[Exercise details]
Pictures are to be excluded. Please print only the lines from the one containing "东方今典 城6.22开盘 1# 2# 4#取得预售许可证 东方今典" through the end of the data, exactly as they appear.

[Material for this exercise]
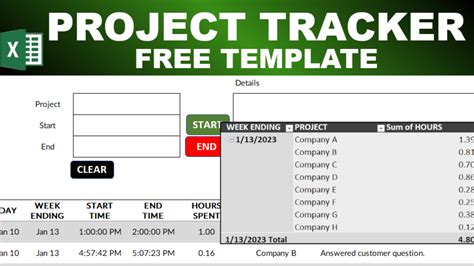 Project Tracker Template Excel - Excel Project Plan Template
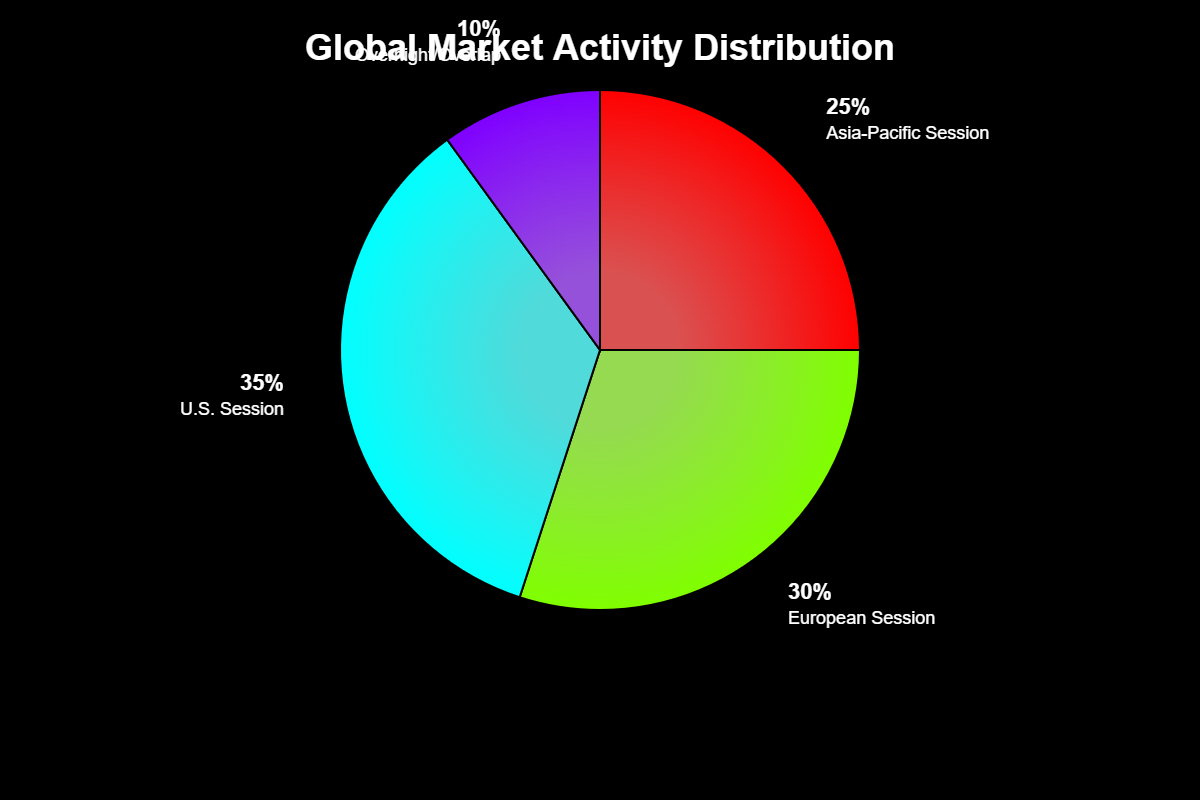 O Papel do Horário na Arquitetura de um Portfólio Global
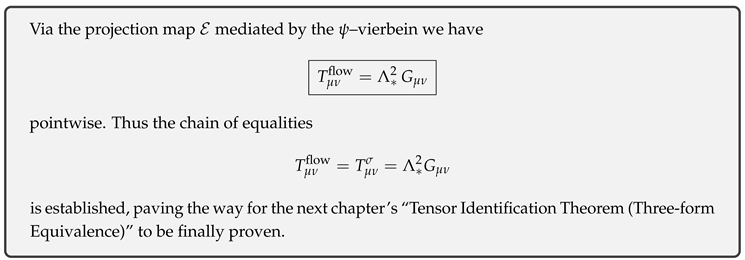 Preprints 174972 i150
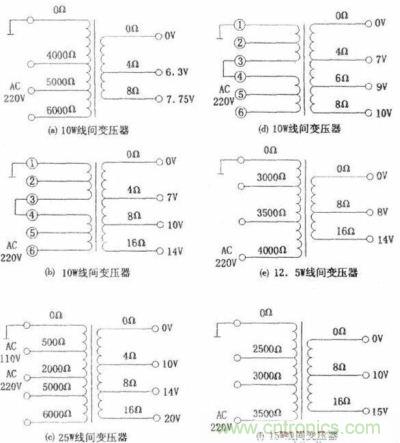 電路圖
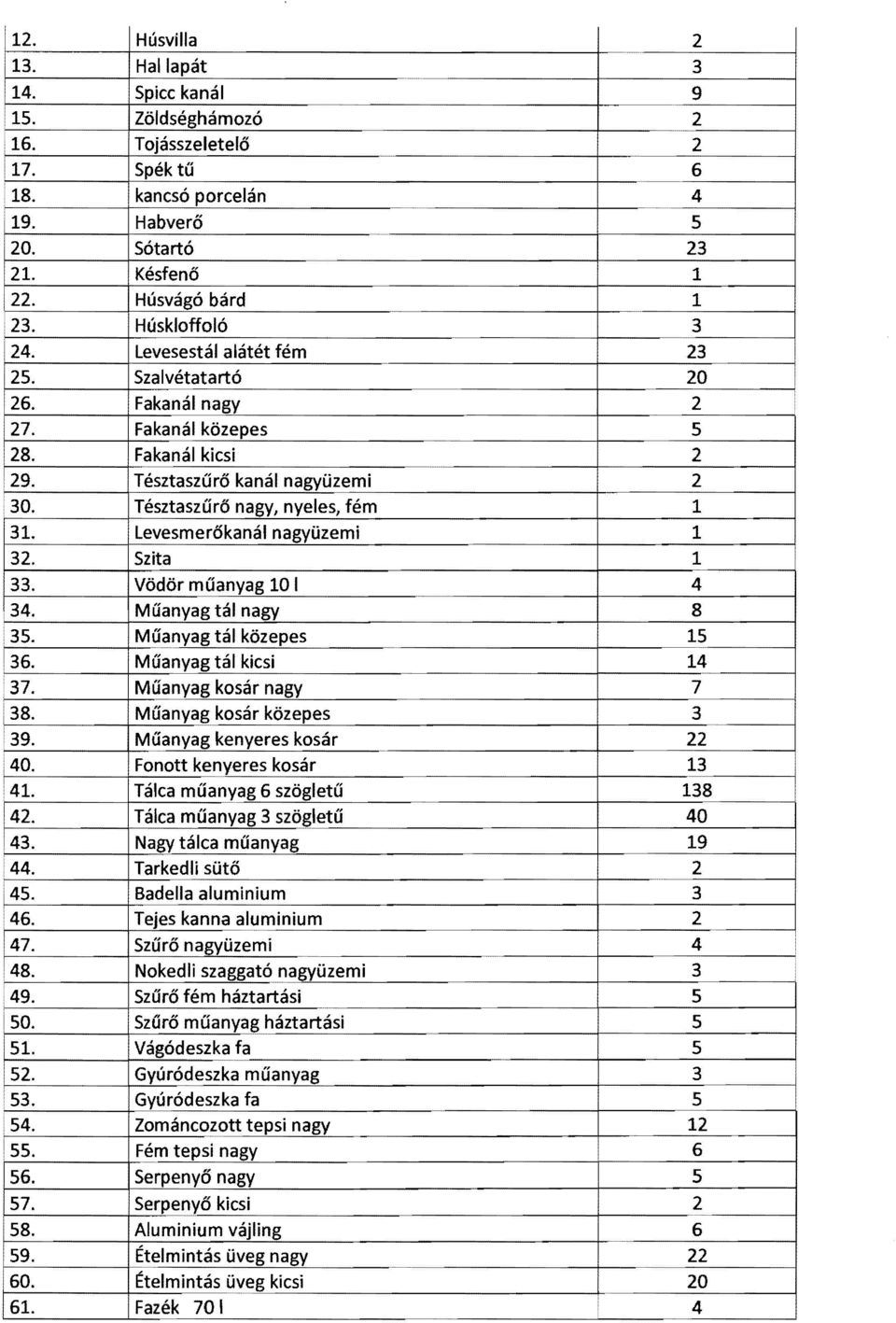 Műanyag tál nagy 8 5. Műanyag tál közepes 5 6. Műanyag tál kicsi 4 7. Műanyag kosár nagy 7 8. Műanyag kosár közepes 9. Műanyag kenyeres kosár 40. Fonott kenyeres kosár 4l.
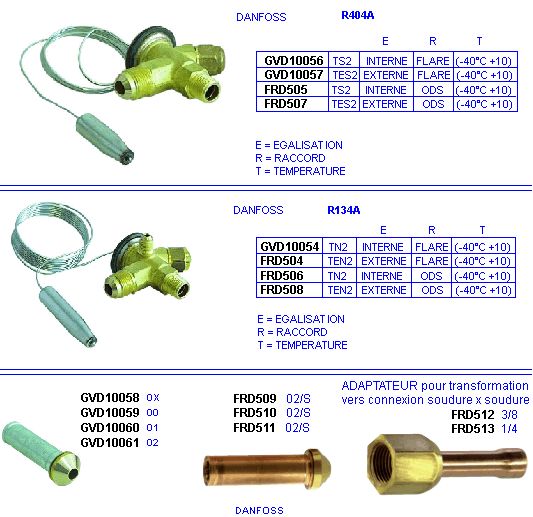 eclate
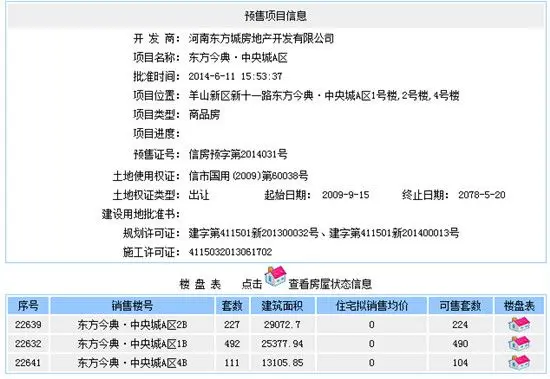 东方今典 城6.22开盘 1# 2# 4#取得预售许可证 东方今典 城6.22开盘 1# 2# 4#取得预售许可证
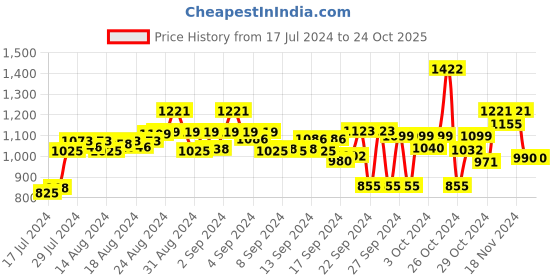 ajio.com midav Men V-Neck Short Kurta midav Price History Graph from 17 Jul 2024 to 23 Oct 2025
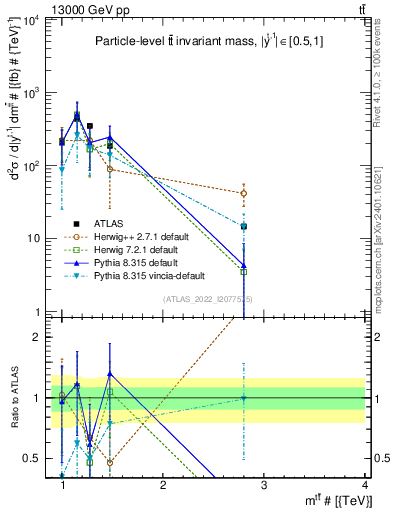 Plot of ttbar.m in 13000 GeV pp collisions
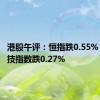 港股午评：恒指跌0.55% 恒生科技指数跌0.27%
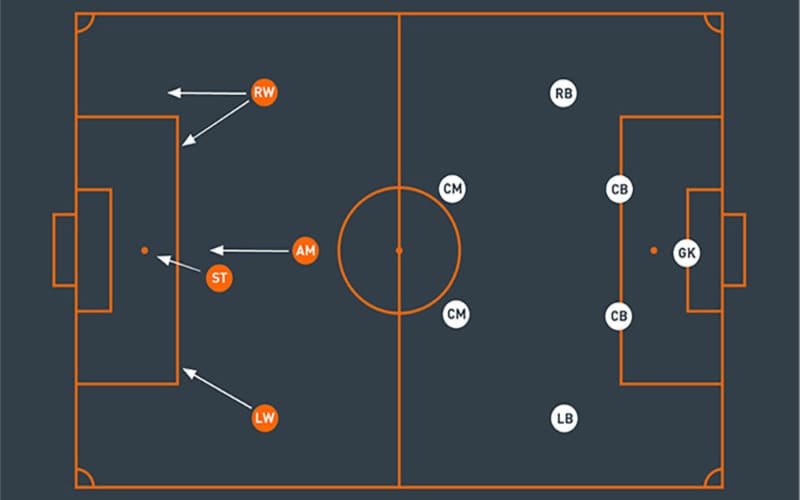 AM trong bóng đá là gì? Vai trò và nhiệm vụ của AM trong bóng đá - yelena-isinbaeva.com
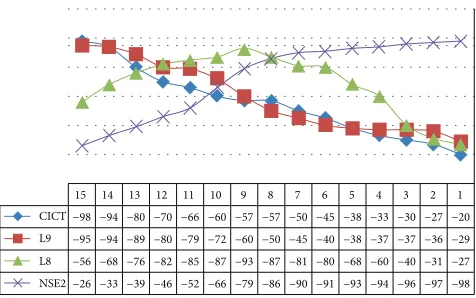 Figure 2: Collected RSSI for four APs through the scanning phaseby the Chanalyzer software.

[Response below]
 东方今典 城6.22开盘 1# 2# 4#取得预售许可证 东方今典 城6.22开盘 1# 2# 4#取得预售许可证
 ajio.com midav Men V-Neck Short Kurta midav Price History Graph from 17 Jul 2024 to 23 Oct 2025
 Plot of ttbar.m in 13000 GeV pp collisions
 港股午评：恒指跌0.55% 恒生科技指数跌0.27%
 AM trong bóng đá là gì? Vai trò và nhiệm vụ của AM trong bóng đá - yelena-isinbaeva.com
 Figure 2: Collected RSSI for four APs through the scanning phaseby the Chanalyzer software.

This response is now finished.